The medium contains program instructions executable by the CPU to cause the computer
machine for performing a process of converting an input voice signal into an output
voice signal according to a target voice signal as described above
[0105] Next, detailed description is given to the second example with reference to the drawings.
The second example is basically similar to the first example shown in FIGS. 1 and
2. More specifically, the second example has a first part and a second part. The first
part has the construction shown in FIG. 1. The second part has the construction shown
in FIG. 12, which is modified from the construction of FIG. 2.
[0106] In the first example, a technique of signal processing to represent a voice signal
as a sine wave (SIN) component, which is combined sine waves of the voice signal,
and a residual component, which is a component other than the sine wave component,
is used to modify the voice signal (including the sine wave component and the residual
component) based on a target voice signal (including the sine wave component and the
residual component) of a particular singer, thereby generating a voice signal reflecting
the voice quality and singing mannerism of the particular singer to output the same
along a karaoke accompaniment tone. In the voice converting apparatus thus configured,
the residual component includes a pitch component, so that when the sine wave component
and the residual component are synthesized with each other after the voice conversion
has been executed to each component, both pitch components respectively included in
the sine wave component and the residual component are caught by listeners. If the
pitch of the sine wave component and the pitch of the residual component differ in
frequency, naturalness in the converted voice may be lost.
[0107] It is therefore an object of the second example to provide a voice converting apparatus
and a voice converting method that allow voice conversion without losing naturalness
of the voice.
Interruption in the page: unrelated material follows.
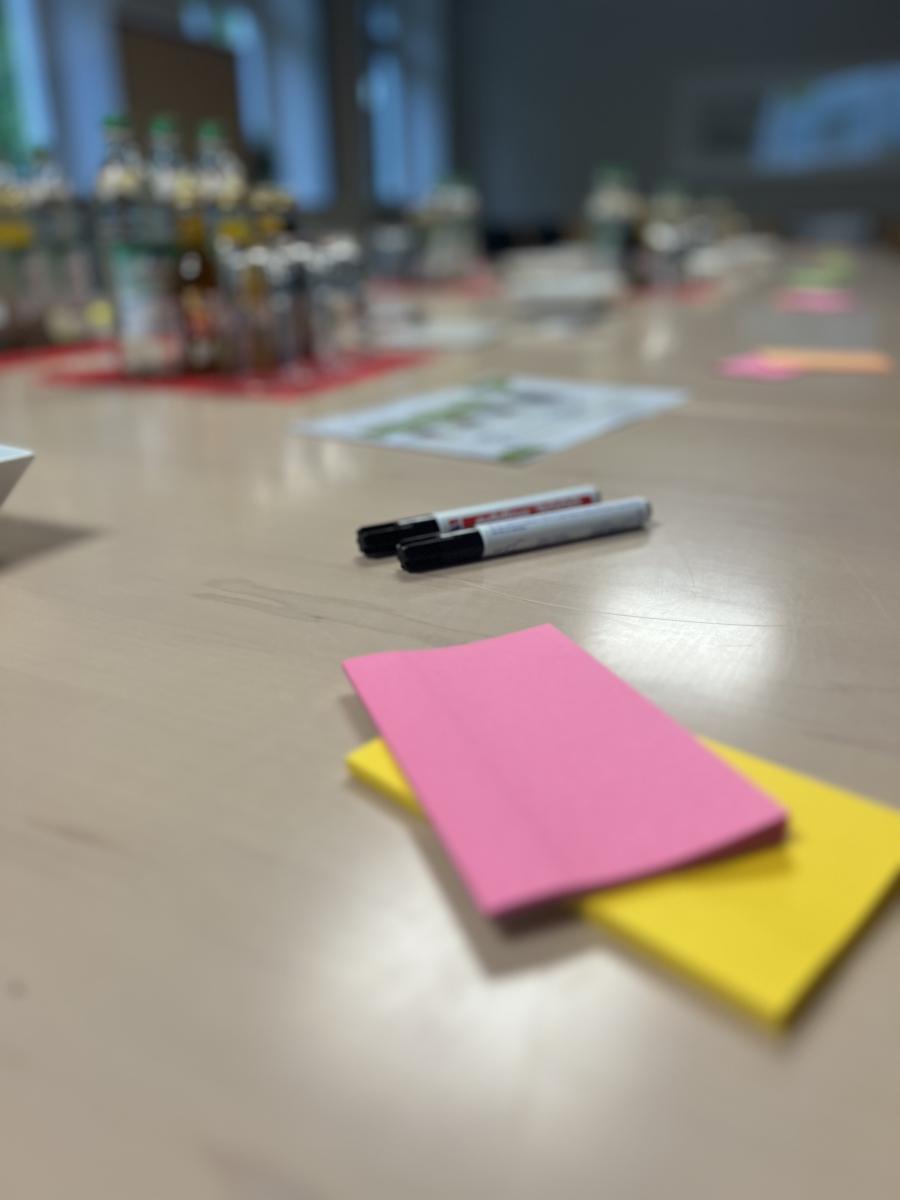 Post-Its auf Tisch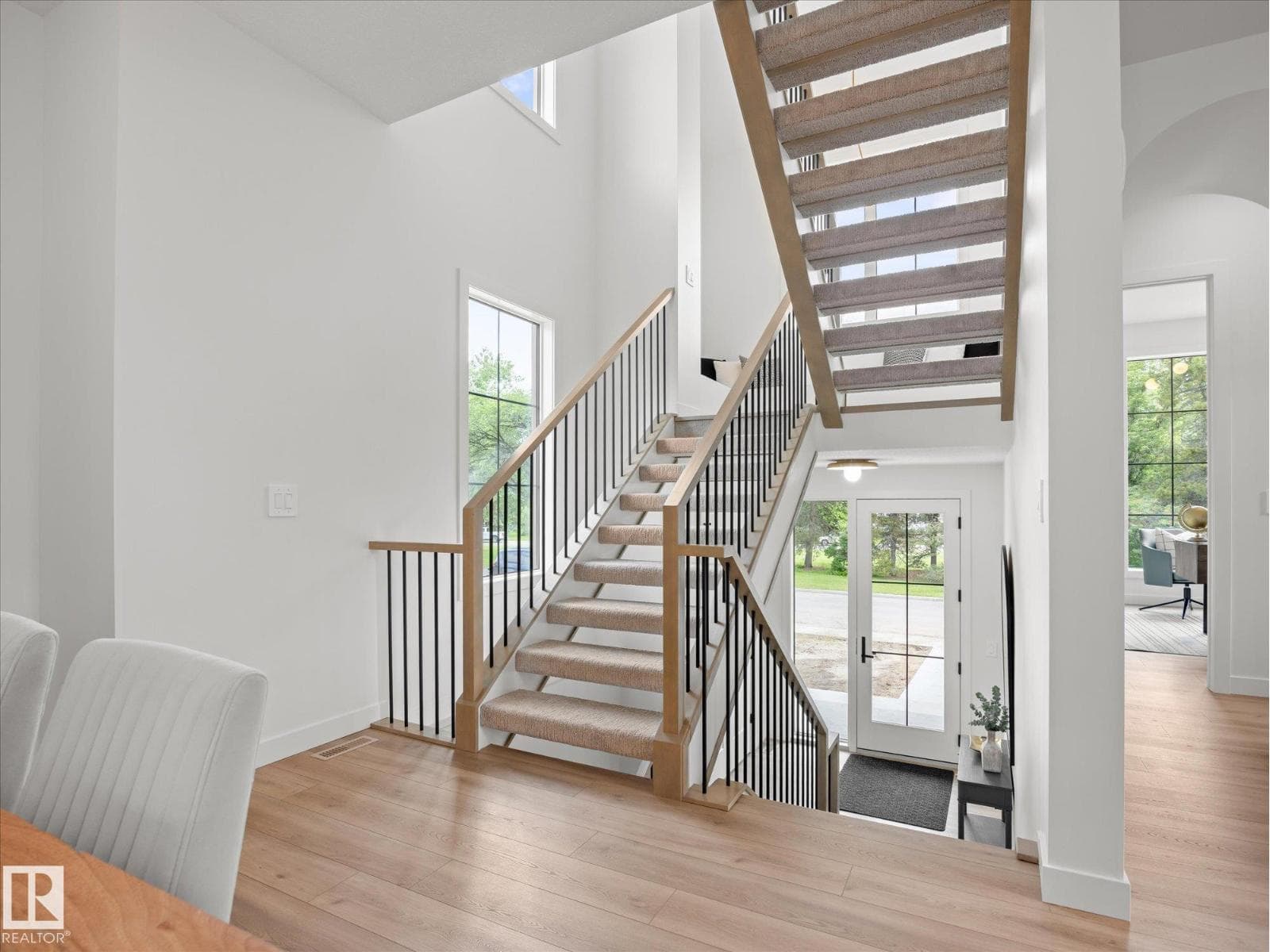 6303 109B AV NW — photo 4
Referring to FIGS. 1 and 12, there is shown a detailed constitution
of the second embodiment. It should be noted that the present example is an example
in which the voice converting apparatus (voice converting method) is applied to a
karaoke apparatus that allows a singer to mimic particular singers. The apparatus
is constructed for converting an input voice signal into an output voice signal according
to a target voice signal. In the apparatus, an input device including a microphone
block 1 provides the input voice signal composed of original sinusoidal components
and original residual components other than the original sinusoidal components. A
separating device including blocks 2-10 (FIG. 1) separates the original sinusoidal
components and the original residual components from each other. A first modifying
device including a block 24 (FIG. 12) modifies the original sinusoidal components
based on target sinusoidal components contained in the target voice signal so as to
form new sinusoidal components having a first pitch. A second modifying device including
a block 25 modifies the original residual components based on target residual components
contained in the target voice signal other than the target sinusoidal components so
as to form new residual components having a second pitch. A shaping device including
blocks 40 and 41 shapes the new residual components by removing therefrom a fundamental
tone corresponding to the second pitch and overtones of the fundamental tone. An output
device including a block 28 combines the new sinusoidal components and the shaped
new residual components with each other for producing the output voice signal having
the first pitch.
[0108] The sine wave components and the residual components, which are extracted from an
input voice signal, are modified based on the sine wave components and the residual
components of a target voice signal, respectively. Then, before the sine wave components
and the residual components respectively modified are synthesized with each other,
the pitch component (the fundamental tone) and its harmonic components (overtones)
are removed from the residual components. As a result, only the pitch component of
the sine wave components become audible, thereby improving naturalness of the converted
voice.
[0109] Referring to FIG. 12, specific description is given to operation of a pitch deciding
block 40, which is one of significant elements of the second example. The pitch deciding
block 40 selects one of the pitch Pme-str from the pitch detector 7, the pitch Ptar-sta
from the target frame information holding block 20, the pitch Pnew from the sine wave
component attribute data selector 23 and the pitch Patt from the attribute data modifier
24 (basically the pitch Patt) to supply the selected one to a comb filter processor
41 as an optimum pitch for the comb filter (comb filter pitch: Pcomb).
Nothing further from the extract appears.